How to generate a list of two-element sets that make all possible four-elements sets? I have a list of 6 elements (A...F) that I need to organize into the smallest number of unique two-element combinations (AB, AC, etc) possible so that they form all possible four-element combinations (AB + CD = ABCD). The order of the elements is unimportant and I can use each two-element combination as many times as possible (i.e. AB + CD, but also AB + EF)  
I know that: 
-There are fifteen possible 4-way combinations and 
-it should be solvable with 9 two-element combinations
...but I can't figure out conceptually how to generate my list of two-element combinations. 
Any ideas on how I could get started on this?
 A: Workable solution: $AB,\ AC,\ AD,\ EF,\ BC,\ BE,\ CF,\ DE$ and $ DF$.
This was mostly done by brute force but with some insights: 
Every letter has to appear at least 3 times in one of the nine pairs. Suppose it did not and we only had $AB$ and $AC$, then $ADEF$ could not be formed.
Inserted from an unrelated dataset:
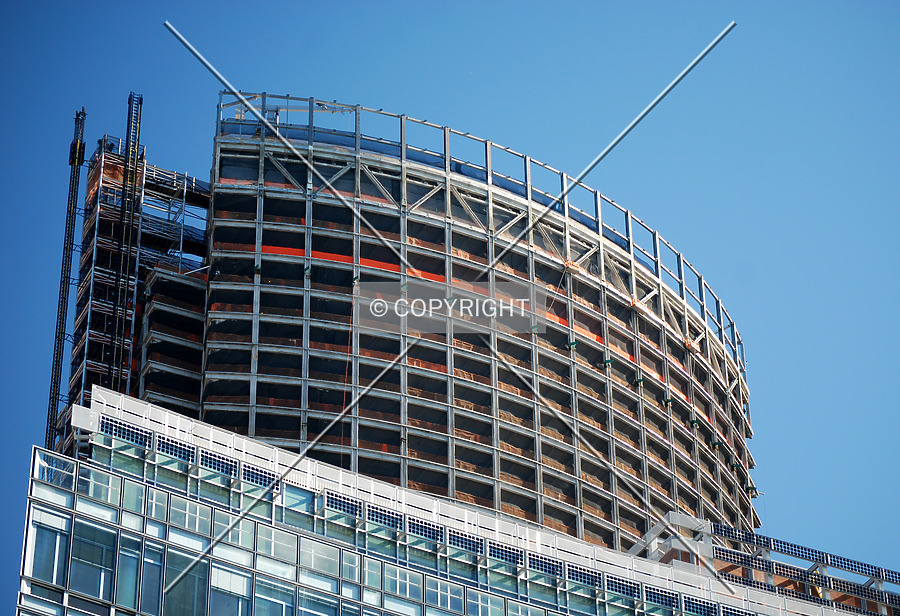 Goldman Sachs Headquarters by Royce Douglas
Since there are only $18$ letters in $9$ pairs this means that every letter has to appear exactly $3$ times.
This gives us a start with $AB$, $AC$ and $AD$. It follows we need $EF$. To make $ABCD$ we need to add $BC$, $CD$ or $EF$. Due to symmetry the choice is arbitratry so we can pick $BC$. The rest of the pairs have to contain either $E$ or $F$ to ensure those appear often enough, giving us $BE$, $CF$, $DE$ and $DF$.
A: Let's formalize your problem a little:
Given a Universe $U= \{A_1,...,A_n\}$, we're searching for the smallest $C\subseteq \binom{U}{2}$ so that $\binom U 4\subseteq P(C)$.
(Here, $\binom{U}{k} := \{M\subseteq U\mid |M| = k\}$ i.e. $\binom{U}{k}$ consists of all sets of $k$-element subsets of $U$.)
This already gives us a way to brute-force the whole thing:


*

*Compute $P(\binom{U}{2})$, i.e. the set of all possible combinations of 2-element pairs

*For each element $M\in P(\binom{U}{2})$, test $\binom{U}{4}\subseteq \{K\mid \ \exists S_1,S_2\in M: S_1\cup S_2 = K \}$

*Choose the smallest $M$ that fulfills this test.
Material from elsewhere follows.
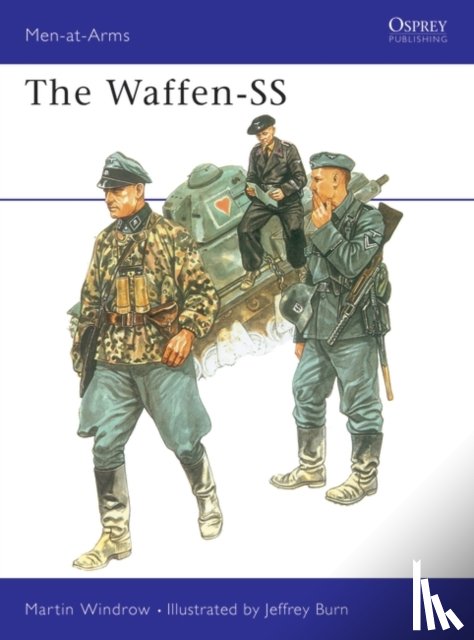 Windrow, Martin - The Waffen-SS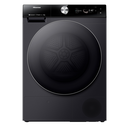 Hisense 10kg Heat Pump Inverter Tumble Dryer, Premium Black – DH7S107BB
Note that this is the raw brute-force algorithm. There are many optimizations, both obvious and unobvious to improve this algorithm.
A: You can solve this problem via integer programming as follows.  Let binary variable $x_{ij}$ indicate whether pair $\{i,j\}$ (with $i < j$) is selected, and let binary variable $y_{i j k\ell}$ represent the product $x_{ij} x_{k\ell}$, where $\{i,j\} \cap \{k,\ell\} = \{\}$ and $i<k$.  Let $Q = \{(i,j,k,\ell):i<j<k<\ell\}$.  Then the problem is to minimize $\sum_{i,j} x_{ij}$ subject to
\begin{align}
y_{i j k\ell} &\le x_{ij} &&\text{for all } i,j,k,\ell\\
y_{i j k\ell} &\le x_{k\ell} &&\text{for all } i,j,k,\ell\\
\sum_{\{i',j',k',\ell'\}=\{i,j,k,\ell\}} y_{i'j'k'\ell'} &\ge 1 &&\text{for all } (i,j,k,\ell)\in Q
\end{align}
For $n = 6$, this minimum is 9.  For general $n \ge 3$, the first several values match $n(n-3)/2$.  Maybe one of the interpretations in OEIS entry A000096 applies.